Quatre-vingts députés kurdes ou sympathisants – dont un Arménien – siègent désormais à la Grande assemblée nationale. Erdogan n’a même pas pris la peine de chercher des alliés pour constituer un nouveau Gouvernement. Il  veut aller aux élections et retrouver sa majorité. C’est pourquoi, cédant aux exigences américaines, il se résout à prendre place dans une coalition contre Daesh. Avec l’Arabie saoudite, la Qatar et la Jordanie. La France et la Grande-Bretagne seraient de la partie. Ce qui équivaut à un retournement de situation. Il ne fait de doute pour personne que des combattants de Daesh ont été – ou sont – soignés en Turquie. Des convois d’armes ont été acheminés de Turquie en Syrie destinés à Daesh. 

Il semble que pour Washington la coupe était pleine. D’autant que les djihadistes de l’État islamique rivalisent dans l’horreur et ne connaissent aucune limite. Après avoir pris Palmyre ils ont détruits à coups d’explosifs le temple magnifique de Baalshamin, dieu du ciel phénicien, érigé en 17 avant Jésus-Christ et enrichi en 130 par l’empereur romain Hadrien. 

En tout et pour tout trois cents sites historiques dont le temple de Nimroud, joyau de l’empire assyrien en Irak, ont été endommagés, pillés et détruits au cours du conflit. Daesh s’attaque aux pierres et tue les hommes. L’ancien chef des Antiquités à Palmyre Khaled al-Assaad, un scientifique mondialement tenu pour une référence a été décapité.

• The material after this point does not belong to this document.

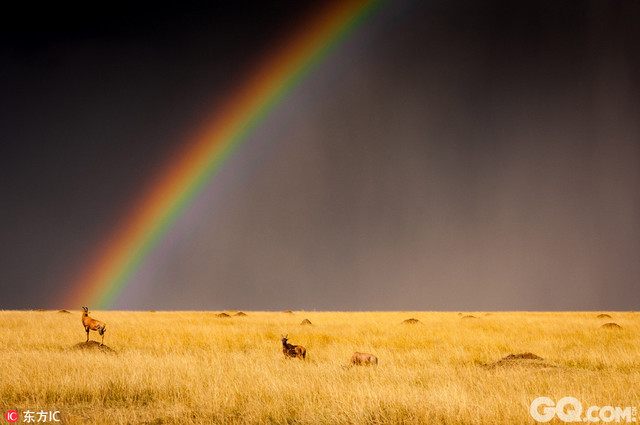 德国63岁摄影师Ingo Gerlach在肯尼亚马赛马拉国家公园拍到十分难得的一幕：两支斑马和转角牛羚兽群在金灿灿的草地上悠闲漫步，背后天空上架起一座彩虹桥，照亮了后面悬悬欲坠的阴云，非洲草原顿显祥和静谧。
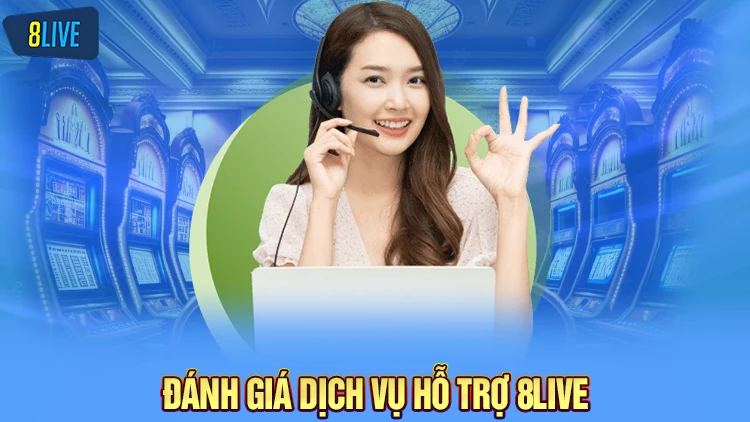 Câu hỏi thường gặp và đánh giá dịch vụ hỗ trợ 8Live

À 82 ans ! Devant une telle barbarie, fut-ce à contrecœur, Ankara se voit contraint de céder aux pressions américaines.

La nouvelle « alliance » 

Dans le même la Turquie entend de plus en plus s’affirmer comme une puissance régionale incontournable. Bien qu’Israël le nie des pourparlers se tiennent actuellement entre le Hamas, l’État hébreu et... la Turquie. Khaled Mechaal, directeur politique du Hamas, l’a confirmé. Il n’est pas le seul. François-Germain Robin, que nos membres connaissent bien, a recueilli l’autre jour par téléphone les confidences de Fadwa Khader, membre du Parti du peuple palestinien, chrétienne d’origine. Elle est la petite-fille d’un rescapé du génocide arménien. Son grand-père a vu ses parents massacrés sous ses yeux. Aussi s’effraie-t-elle de voir la Turquie venir se mêler à nouveau des affaires de la région. 

« On sait que la Turquie patronne, avec l’aide des Britanniques et de Tony Blair, un projet d’accord avec le Hamas et Israël, avec liaison directe entre Gaza et Chypre turc. Cela détruirait tout avenir pour la Palestine, tout projet national. Je crois que c’est la pire période que nous ayons connue, en dehors des guerres bien sûr. »   Tout converge. Erdogan mise à la fois sur l’Islam et sur le panturquisme. Dans l’imbroglio du Moyen-Orient ce retour de la Turquie apparaît comme « une ligne claire ». Claire mais... inquiétante.